**GIVEN RECORDS:**
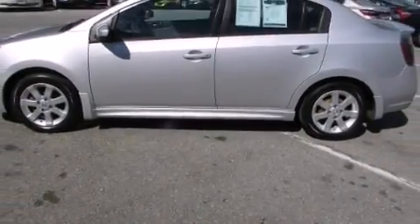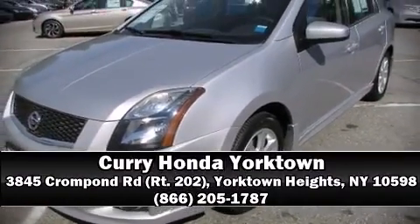Our knowledgeable sales staff is available to answer any questions that you might have. Please don't hesitate to give us a call.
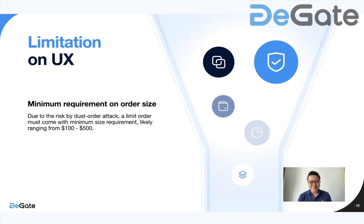What are the limitations on this UX? The implications of our design are that there will be some trade-offs. Most importantly, there's a minimum requirement on order size due to the risk of dust order attacks — a limit order must come with a minimum size requirement, likely around $100 to $500. Imagine a taker placing a $100 order to buy a token and a dust order attack happens — a maker selling 10,000 orders of 1 cent each — this would lead to huge problems in terms of gas usage and fees. So we place a limitation on minimum order size when interacting with order book trading to prevent dust order attacks; otherwise the system would not work.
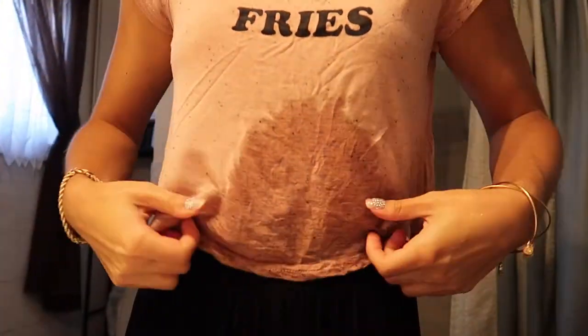Did I just get oil on myself? Freaking hell! This morning is already a mess — now we got this lovely oil stain on the shirt.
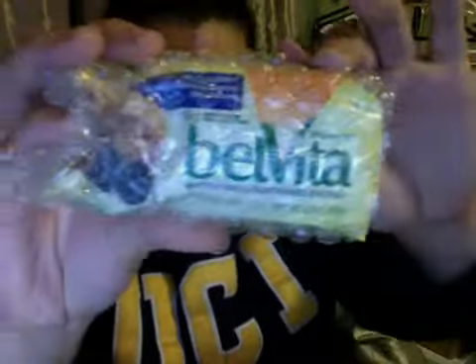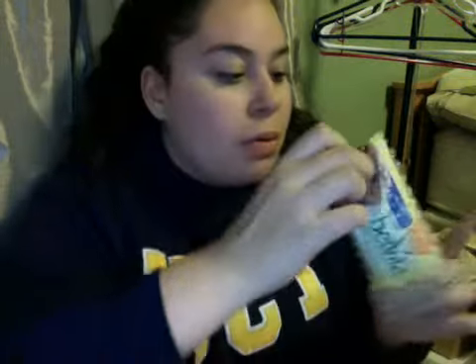These are the Belvita breakfast crackers. I'm going to take them out of the bubble wrap. It's good that they bubble-wrapped them so they don't all crack in transit. I'm probably going to have these tomorrow for breakfast, so I'll leave something in the description below tomorrow to let you know how these are.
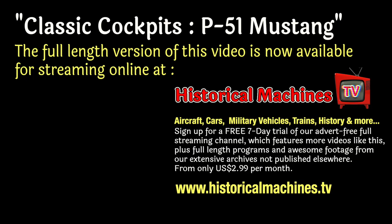Join us on our full advert-free streaming service at historicalmachines.tv, where you'll find lots more great footage just like this — all for less than the cost of a cup of coffee per month.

**WHAT TO WORK ON:** For the records above, output each one exactly and skip any image.

**SOLVED EXERCISE:**
Our knowledgeable sales staff is available to answer any questions that you might have. Please don't hesitate to give us a call.
What are the limitations on this UX? The implications of our design are that there will be some trade-offs. Most importantly, there's a minimum requirement on order size due to the risk of dust order attacks — a limit order must come with a minimum size requirement, likely around $100 to $500. Imagine a taker placing a $100 order to buy a token and a dust order attack happens — a maker selling 10,000 orders of 1 cent each — this would lead to huge problems in terms of gas usage and fees. So we place a limitation on minimum order size when interacting with order book trading to prevent dust order attacks; otherwise the system would not work.
Did I just get oil on myself? Freaking hell! This morning is already a mess — now we got this lovely oil stain on the shirt.
These are the Belvita breakfast crackers. I'm going to take them out of the bubble wrap. It's good that they bubble-wrapped them so they don't all crack in transit. I'm probably going to have these tomorrow for breakfast, so I'll leave something in the description below tomorrow to let you know how these are.
Join us on our full advert-free streaming service at historicalmachines.tv, where you'll find lots more great footage just like this — all for less than the cost of a cup of coffee per month.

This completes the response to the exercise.